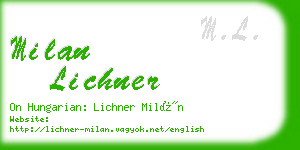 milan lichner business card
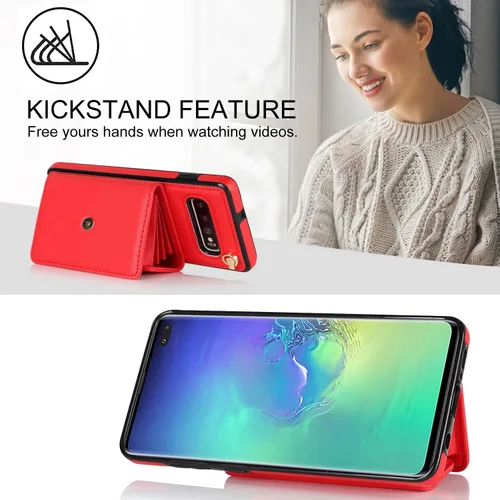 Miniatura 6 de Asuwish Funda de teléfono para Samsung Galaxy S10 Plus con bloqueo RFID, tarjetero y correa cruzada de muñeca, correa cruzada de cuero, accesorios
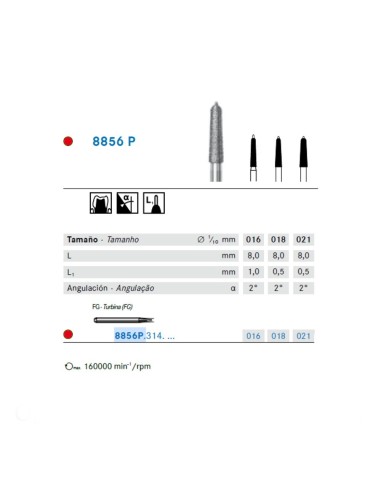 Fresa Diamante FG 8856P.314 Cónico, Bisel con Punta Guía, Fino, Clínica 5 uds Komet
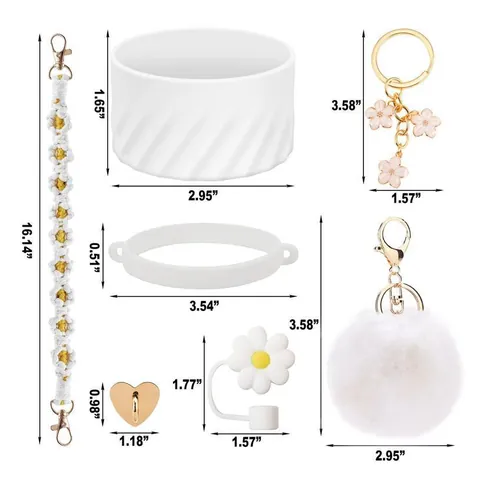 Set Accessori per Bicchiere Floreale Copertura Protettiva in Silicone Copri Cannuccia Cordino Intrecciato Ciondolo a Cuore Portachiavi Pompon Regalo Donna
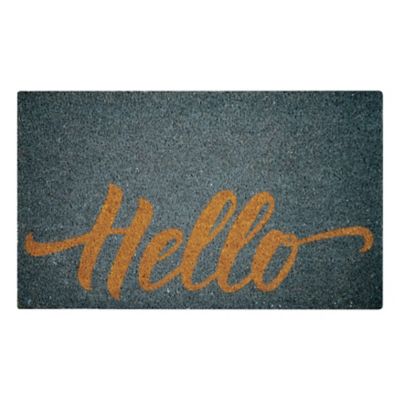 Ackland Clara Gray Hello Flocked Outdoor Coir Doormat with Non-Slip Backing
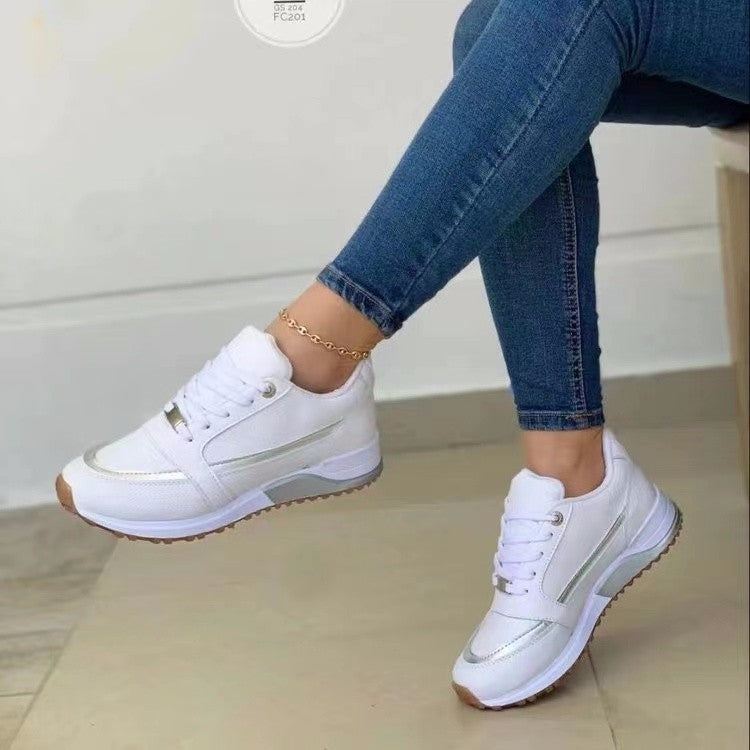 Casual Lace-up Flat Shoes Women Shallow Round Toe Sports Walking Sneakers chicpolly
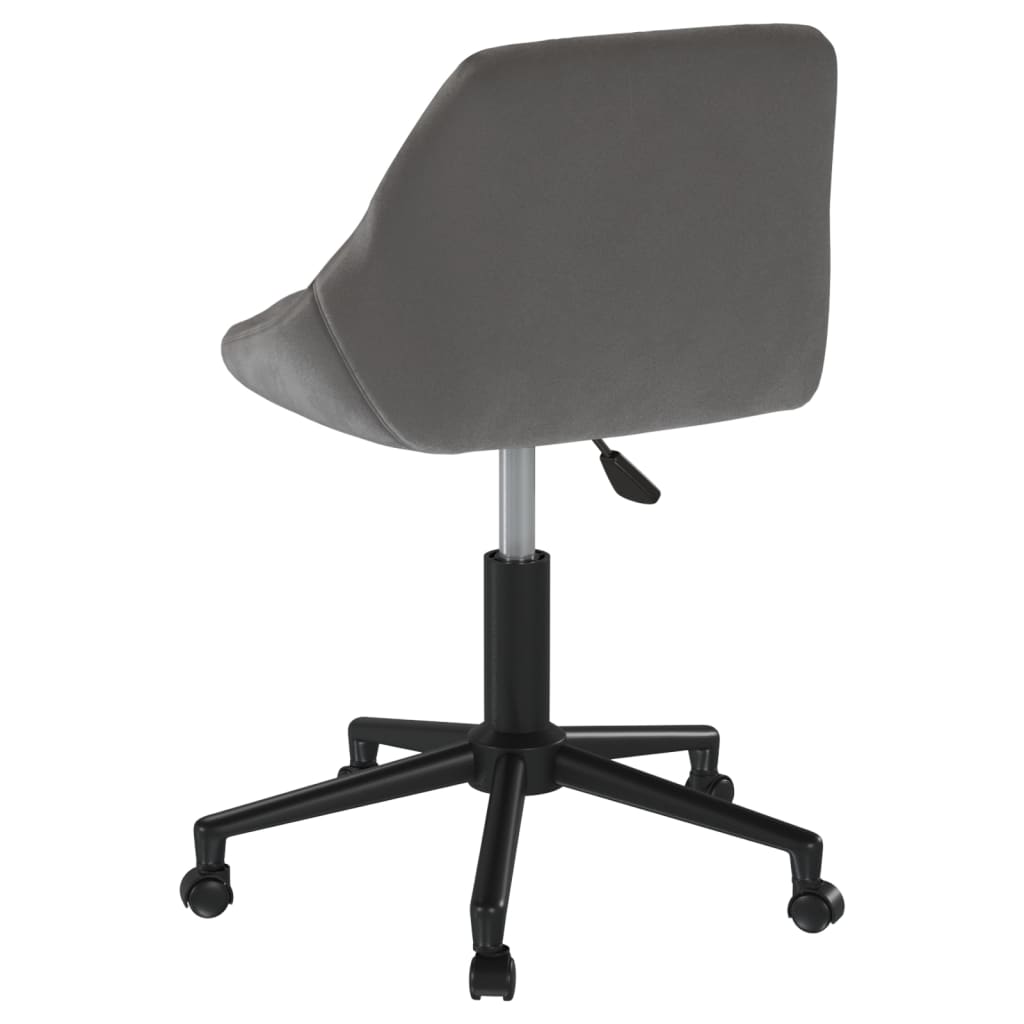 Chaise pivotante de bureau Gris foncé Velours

------------------------

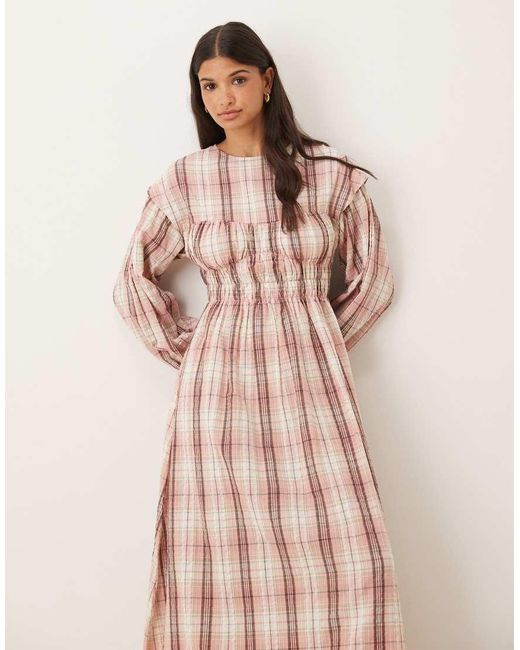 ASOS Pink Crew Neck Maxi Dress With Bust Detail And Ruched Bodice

------------------------

● **Try it**: Please output the lines above beginning at the line with "Casual Lace-up Flat" and ending after the line with "Chaise pivotante de", precisely as written and with no pictures.

● **Result for this exercise**:
 Casual Lace-up Flat Shoes Women Shallow Round Toe Sports Walking Sneakers chicpolly
 Chaise pivotante de bureau Gris foncé Velours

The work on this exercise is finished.